Em 2000, a média do rendimento líquido dos portugueses era 12.000 euros. A dívida privada era cerca de 25.000 euros per capita. No início de 2022, a média do rendimento líquido é quase 15.000 euros, e a dívida privada per capita é quase 33.000 euros. Em 22 anos, os rendimentos dos portugueses aumentaram em média 3 mil euros, mas o endividamento cresceu 8 mil euros. Ou seja, cresceu quase o triplo. Esta relação demonstra o caminho para o empobrecimento das classes médias, a que se junta o aumento do peso da carga fiscal.

É verdade que a carga fiscal em Portugal, cerca de 35% do PIB, não é das mais altas na UE, o que deve deixar os portugueses nervosos porque virão aí mais impostos para pagar a segurança social. Mas o esforço fiscal – a relação entre a carga fiscal e o PIB per capita – é dos mais altos na UE, o sétimo mais alto, com 20 países mais abaixo. Este é o dado que conta.  O esforço fiscal para os portugueses é 15% superior à média da UE.

Além do empobrecimento gradual das classes medias, há dados mais dramáticos. Cerca de 20% da população portuguesa é pobre. Mas dos pobres, apenas 13% são desempregados. Ou seja, 87% dos pobres são pessoas com rendimentos, pensionistas (cerca de 28% dos pobres são pensionistas) e empregados, incluindo os trabalhadores precários (cerca de 27% dos pobres são trabalhadores precários). Pior, o risco de pobreza aumentou nos últimos 5 anos. Em 2017, havia 1.7 milhões de portugueses em risco de pobreza. Hoje, há cerca de 2 milhões. Em 2022, em Portugal, 20% da população portuguesa é pobre, 20% está em risco de pobreza. E o salário médio é cerca de 1200 euros líquidos.

Além dos milhões de portugueses pobres ou em risco de pobreza, a classe media recebe salários baixos, está endividada e sofre um esforço fiscal elevado. Ou seja, os portugueses tornam-se pobres a trabalhar. A realidade deveria ser trabalhar para enriquecer.

O envelhecimento tem, naturalmente, um lado muito positivo: o aumento da esperança de vida. É muito bom que os portugueses vivam mais tempo. Mas ao aumento do número de pessoas velhas, não teria necessariamente que corresponder um envelhecimento da população, bastava que aumentassem os nascimentos. Uma taxa de natalidade baixa é um problema geral europeu, mas Portugal tem a quinta pior taxa na União Europeia, apenas à frente da Itália, da Espanha, da Grécia e da Finlândia. Com um país a empobrecer, será difícil esperar grandes melhorias.

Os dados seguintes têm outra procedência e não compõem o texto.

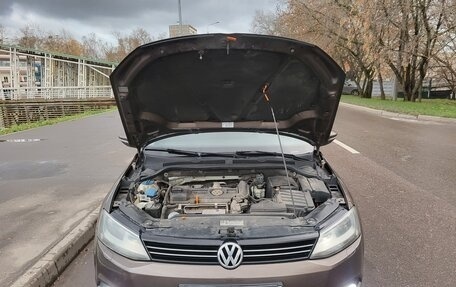Volkswagen Jetta VI, 2012 год, 990 000 рублей, 18 фотография
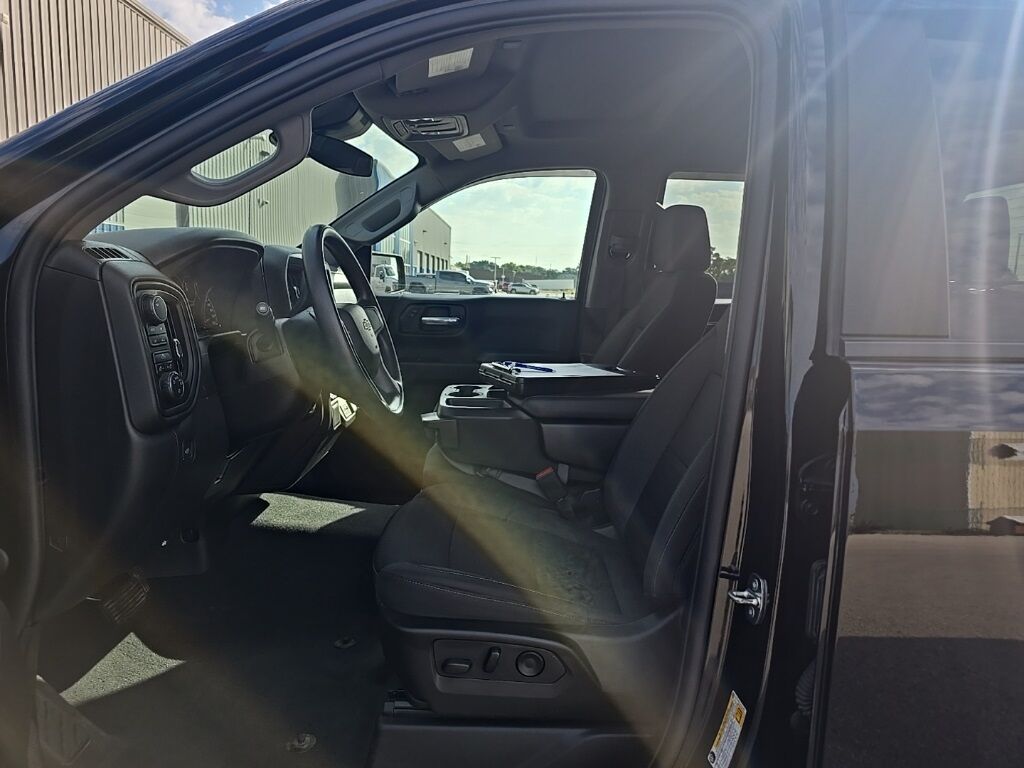 2022 Chevrolet Silverado 1500 4x4 Crew Cab Custom Minocqua WI
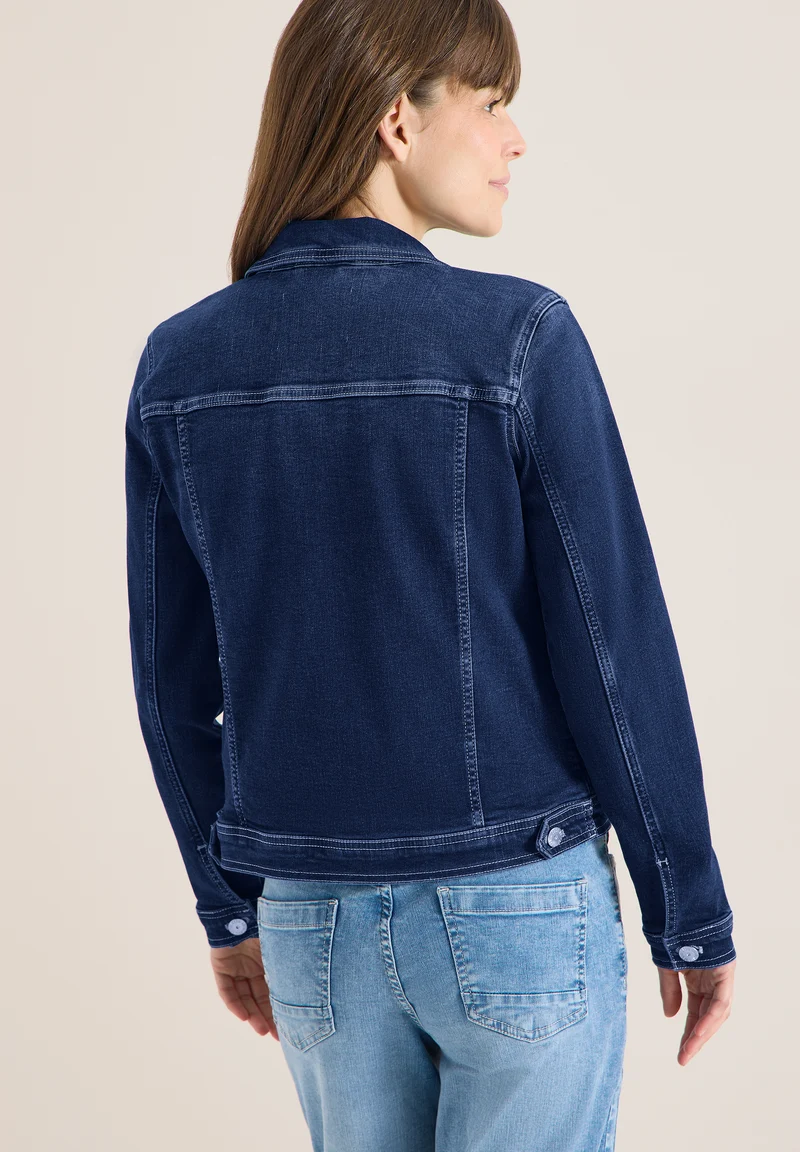 Jeansjacke mit Brusttaschen und Knöpfen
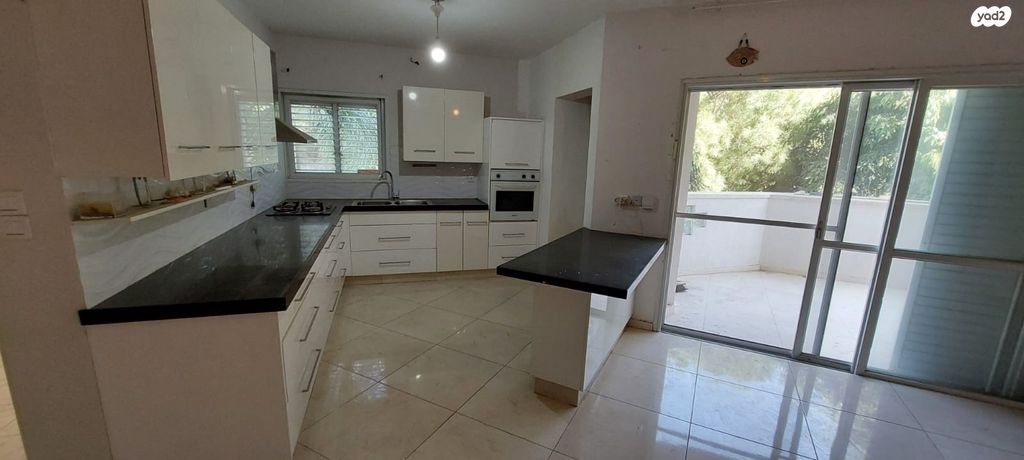 דירה, ראשונים, כפר סבא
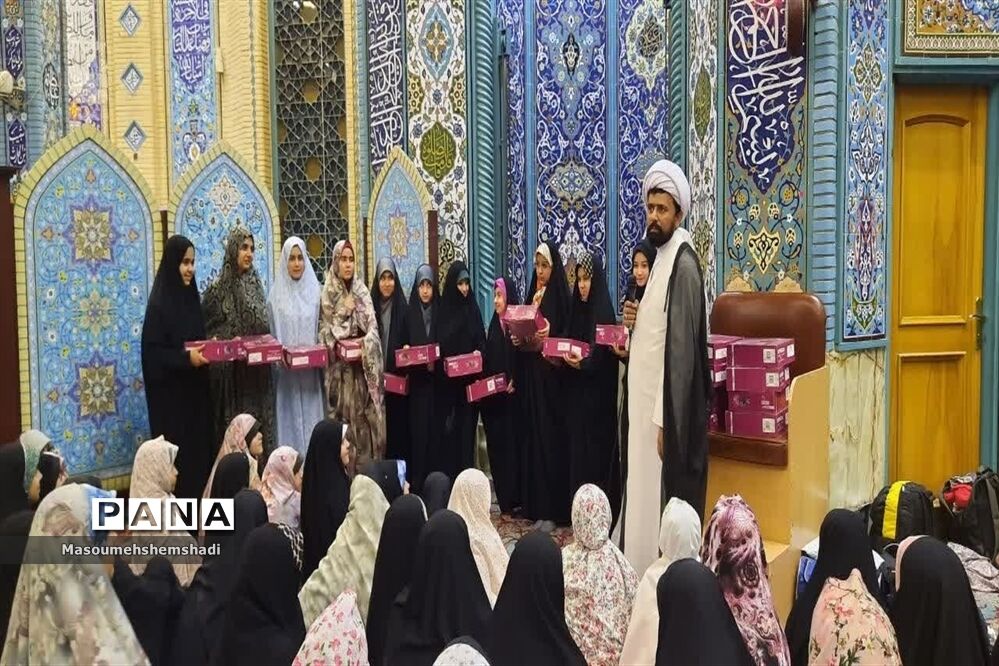 اعتکاف دانش‌آموزان منطقه ۱۲ در مسجد فومنی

A outra política para combater os efeitos económicos e sociais do envelhecimento seria aumentar a idade da reforma. A esperança de vida é 15 anos mais elevada do que a idade de reforma. A prazo, não é viável. Mas não há neste momento condições políticas para aumentar a idade da reforma. A emigração sistemática dos jovens, e muitos deles qualificados, também contribui para o envelhecimento da população. Os jovens emigraram durante o tempo da troika, e continuaram a emigrar desde que o PS chegou ao governo em 2015. Só deixarão de emigrar quando puderem enriquecer e ganhar dinheiro em Portugal. Mas para que isso aconteça, seriam necessárias reformas que o actual governo nunca fará.

O três Es estão a diminuir a qualidade da democracia portuguesa. Os partidos políticos e a classe política sabem que falharam, que não cumpriram o que foi prometido aos portugueses. O fracasso do sonho europeu foi o maior falhanço político nacional desde o 25 de Abril. Mas o governo não pode admitir nem reconhecer esse fracasso histórico. Por isso, dissimula, esconde, engana e usa truques.

Compete aos portugueses decidir se querem ser dependentes ou correrem riscos para serem mais prósperos e mais livres. Também devem decidir se premeiam políticos que lhes dizem a verdade, mesmo que seja dura, ou os que lhes contam mentiras piedosas para esconder a realidade. Em suma, os portugueses querem ser tratados como adultos responsáveis ou como crianças irresponsáveis?